--- Dataset records ---
━━━━━━━━━━━━━━━━━━━━━━━━━━━━━━
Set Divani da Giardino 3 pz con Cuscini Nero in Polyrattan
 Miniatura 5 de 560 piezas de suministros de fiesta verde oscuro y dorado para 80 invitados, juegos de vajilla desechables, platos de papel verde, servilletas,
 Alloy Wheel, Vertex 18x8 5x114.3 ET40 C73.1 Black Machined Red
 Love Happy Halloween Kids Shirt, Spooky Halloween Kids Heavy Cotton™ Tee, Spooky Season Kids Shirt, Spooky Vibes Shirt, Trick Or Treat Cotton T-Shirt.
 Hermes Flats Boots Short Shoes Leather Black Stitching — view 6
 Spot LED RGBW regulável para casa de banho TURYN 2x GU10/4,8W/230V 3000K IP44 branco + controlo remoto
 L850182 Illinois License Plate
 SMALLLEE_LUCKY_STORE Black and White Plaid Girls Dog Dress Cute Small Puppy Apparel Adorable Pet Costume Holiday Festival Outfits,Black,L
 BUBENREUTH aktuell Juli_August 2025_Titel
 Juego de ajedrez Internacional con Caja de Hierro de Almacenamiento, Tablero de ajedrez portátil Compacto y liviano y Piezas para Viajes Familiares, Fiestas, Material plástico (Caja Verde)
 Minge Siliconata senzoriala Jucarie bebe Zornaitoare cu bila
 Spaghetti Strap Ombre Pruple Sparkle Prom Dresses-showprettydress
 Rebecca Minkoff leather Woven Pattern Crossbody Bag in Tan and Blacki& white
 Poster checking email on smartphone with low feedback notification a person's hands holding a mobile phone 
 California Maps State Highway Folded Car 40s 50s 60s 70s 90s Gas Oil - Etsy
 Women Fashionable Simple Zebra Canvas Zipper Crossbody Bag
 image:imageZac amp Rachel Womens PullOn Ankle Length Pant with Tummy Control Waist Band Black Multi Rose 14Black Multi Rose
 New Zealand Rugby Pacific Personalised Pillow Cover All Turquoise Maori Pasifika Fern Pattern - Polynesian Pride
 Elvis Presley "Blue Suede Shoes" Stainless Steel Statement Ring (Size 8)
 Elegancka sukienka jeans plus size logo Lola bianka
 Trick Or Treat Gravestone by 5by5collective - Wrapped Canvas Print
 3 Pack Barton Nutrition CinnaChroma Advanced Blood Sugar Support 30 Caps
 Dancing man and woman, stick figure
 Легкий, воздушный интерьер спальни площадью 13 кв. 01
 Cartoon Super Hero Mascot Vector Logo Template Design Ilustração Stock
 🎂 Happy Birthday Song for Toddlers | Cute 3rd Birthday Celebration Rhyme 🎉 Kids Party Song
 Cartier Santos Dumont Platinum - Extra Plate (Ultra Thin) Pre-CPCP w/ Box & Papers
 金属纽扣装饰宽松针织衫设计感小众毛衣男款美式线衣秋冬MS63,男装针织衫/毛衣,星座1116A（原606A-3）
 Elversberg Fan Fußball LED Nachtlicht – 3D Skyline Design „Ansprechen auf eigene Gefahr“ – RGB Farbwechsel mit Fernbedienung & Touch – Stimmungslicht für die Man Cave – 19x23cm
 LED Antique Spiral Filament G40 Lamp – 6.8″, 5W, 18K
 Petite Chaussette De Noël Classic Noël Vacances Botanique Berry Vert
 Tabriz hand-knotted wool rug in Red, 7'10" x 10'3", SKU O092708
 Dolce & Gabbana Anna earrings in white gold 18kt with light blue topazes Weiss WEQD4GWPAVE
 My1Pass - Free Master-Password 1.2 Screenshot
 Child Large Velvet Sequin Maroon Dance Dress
━━━━━━━━━━━━━━━━━━━━━━━━━━━━━━
Quote the records above exactly, from the first line through the line containing "California Maps State", and nothing more.

Set Divani da Giardino 3 pz con Cuscini Nero in Polyrattan
 Miniatura 5 de 560 piezas de suministros de fiesta verde oscuro y dorado para 80 invitados, juegos de vajilla desechables, platos de papel verde, servilletas,
 Alloy Wheel, Vertex 18x8 5x114.3 ET40 C73.1 Black Machined Red
 Love Happy Halloween Kids Shirt, Spooky Halloween Kids Heavy Cotton™ Tee, Spooky Season Kids Shirt, Spooky Vibes Shirt, Trick Or Treat Cotton T-Shirt.
 Hermes Flats Boots Short Shoes Leather Black Stitching — view 6
 Spot LED RGBW regulável para casa de banho TURYN 2x GU10/4,8W/230V 3000K IP44 branco + controlo remoto
 L850182 Illinois License Plate
 SMALLLEE_LUCKY_STORE Black and White Plaid Girls Dog Dress Cute Small Puppy Apparel Adorable Pet Costume Holiday Festival Outfits,Black,L
 BUBENREUTH aktuell Juli_August 2025_Titel
 Juego de ajedrez Internacional con Caja de Hierro de Almacenamiento, Tablero de ajedrez portátil Compacto y liviano y Piezas para Viajes Familiares, Fiestas, Material plástico (Caja Verde)
 Minge Siliconata senzoriala Jucarie bebe Zornaitoare cu bila
 Spaghetti Strap Ombre Pruple Sparkle Prom Dresses-showprettydress
 Rebecca Minkoff leather Woven Pattern Crossbody Bag in Tan and Blacki& white
 Poster checking email on smartphone with low feedback notification a person's hands holding a mobile phone 
 California Maps State Highway Folded Car 40s 50s 60s 70s 90s Gas Oil - Etsy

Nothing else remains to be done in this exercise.